Not disclosing the ingredients is illegal large part of the world, and people can die if you don’t do that, so the answer is clearly yes in some sense. This is also true for some cooking techniques, like heat treatment of raw meat. I think your analogy is not the best.
Not disclosing ingredients is more like not disclosing dependencies because I am very confident that you can't go into a shop, buy a random food and then construct recipe from list of ingredients.
There are parts of the code which don't use dependencies, because you wrote it. Which part of any food is not created from ingredients?
If the recipe is hidden, yes.

It's probably illegal too, as in many jurisdiction the public, or at least a health/food regulatory body should know the process and ingredients.

Take into account allergens, and on top of a matter of public knowledge and health, it can also be a matter of life and death.

List of ingredients does not a recipe make.

It's like saying "Linux uses C" and now you instantly can copy Linux =)

> List of ingredients does not a recipe make.

It does however play a hugely important role in a recipe, in a way than the choice of language doesn't play in a program (especially considering turing completeness).
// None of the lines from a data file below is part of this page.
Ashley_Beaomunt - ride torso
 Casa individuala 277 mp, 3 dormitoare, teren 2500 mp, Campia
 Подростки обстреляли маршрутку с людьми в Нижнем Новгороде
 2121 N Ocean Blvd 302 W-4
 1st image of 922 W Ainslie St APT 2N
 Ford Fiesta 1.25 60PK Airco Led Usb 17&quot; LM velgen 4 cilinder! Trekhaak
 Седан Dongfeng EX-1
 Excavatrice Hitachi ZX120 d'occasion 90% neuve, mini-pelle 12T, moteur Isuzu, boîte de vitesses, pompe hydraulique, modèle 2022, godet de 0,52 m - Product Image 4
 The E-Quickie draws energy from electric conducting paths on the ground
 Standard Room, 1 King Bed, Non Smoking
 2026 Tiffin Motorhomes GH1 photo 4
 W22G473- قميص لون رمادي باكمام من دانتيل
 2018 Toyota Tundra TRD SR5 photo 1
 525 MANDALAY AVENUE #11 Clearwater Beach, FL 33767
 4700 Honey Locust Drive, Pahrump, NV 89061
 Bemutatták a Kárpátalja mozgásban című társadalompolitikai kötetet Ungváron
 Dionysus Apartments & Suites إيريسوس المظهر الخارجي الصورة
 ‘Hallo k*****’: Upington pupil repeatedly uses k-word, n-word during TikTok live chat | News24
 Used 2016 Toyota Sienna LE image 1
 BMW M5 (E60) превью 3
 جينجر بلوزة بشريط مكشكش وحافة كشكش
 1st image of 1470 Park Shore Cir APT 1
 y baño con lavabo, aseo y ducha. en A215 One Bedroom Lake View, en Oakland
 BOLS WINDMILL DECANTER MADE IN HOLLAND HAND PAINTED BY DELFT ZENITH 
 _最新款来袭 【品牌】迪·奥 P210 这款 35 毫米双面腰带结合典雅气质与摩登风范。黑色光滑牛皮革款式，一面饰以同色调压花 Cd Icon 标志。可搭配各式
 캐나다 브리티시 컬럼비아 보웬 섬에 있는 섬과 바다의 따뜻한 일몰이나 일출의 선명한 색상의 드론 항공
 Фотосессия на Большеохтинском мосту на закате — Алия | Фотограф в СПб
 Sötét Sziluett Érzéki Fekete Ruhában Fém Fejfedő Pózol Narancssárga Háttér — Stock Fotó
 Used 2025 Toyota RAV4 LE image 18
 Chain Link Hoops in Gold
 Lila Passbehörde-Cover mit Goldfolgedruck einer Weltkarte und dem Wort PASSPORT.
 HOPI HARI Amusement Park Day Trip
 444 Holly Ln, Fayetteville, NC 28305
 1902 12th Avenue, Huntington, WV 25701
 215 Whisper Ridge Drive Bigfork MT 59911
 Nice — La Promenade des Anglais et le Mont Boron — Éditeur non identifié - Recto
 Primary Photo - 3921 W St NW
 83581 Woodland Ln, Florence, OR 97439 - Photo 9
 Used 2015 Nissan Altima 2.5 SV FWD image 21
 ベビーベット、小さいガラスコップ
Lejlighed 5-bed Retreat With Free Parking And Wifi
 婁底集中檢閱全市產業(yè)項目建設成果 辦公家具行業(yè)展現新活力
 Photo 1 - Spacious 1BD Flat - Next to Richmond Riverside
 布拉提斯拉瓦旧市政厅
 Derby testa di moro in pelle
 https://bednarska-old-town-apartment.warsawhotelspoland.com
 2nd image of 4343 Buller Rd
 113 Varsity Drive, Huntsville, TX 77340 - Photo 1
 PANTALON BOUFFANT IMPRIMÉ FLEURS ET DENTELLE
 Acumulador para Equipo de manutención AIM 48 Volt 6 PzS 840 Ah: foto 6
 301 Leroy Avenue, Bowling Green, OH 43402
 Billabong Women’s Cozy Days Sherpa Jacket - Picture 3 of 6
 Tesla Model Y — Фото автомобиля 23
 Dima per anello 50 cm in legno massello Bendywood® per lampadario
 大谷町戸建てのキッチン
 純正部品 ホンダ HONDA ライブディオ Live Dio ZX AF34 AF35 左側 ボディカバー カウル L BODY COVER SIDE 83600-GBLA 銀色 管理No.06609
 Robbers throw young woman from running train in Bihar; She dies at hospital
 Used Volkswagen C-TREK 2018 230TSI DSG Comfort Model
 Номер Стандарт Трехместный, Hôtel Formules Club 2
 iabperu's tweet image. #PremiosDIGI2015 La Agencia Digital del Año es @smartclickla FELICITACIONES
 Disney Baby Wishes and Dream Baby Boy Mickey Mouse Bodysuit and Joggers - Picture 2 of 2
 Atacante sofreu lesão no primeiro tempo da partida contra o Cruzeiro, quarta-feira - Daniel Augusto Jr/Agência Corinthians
So the analogy is broken.

Besides nobody made the point that list of ingredients makes a recipe.

Just that it's important to know the list of ingredients for a food you're gonna eat, and that it's even illegal to not disclose them (either to the public or a regulatory body) if you sell food.

> List of ingredients does not a recipe make.

Apologies if the parent comment was edited after you wrote yours but a "process and ingredients" does a recipe make.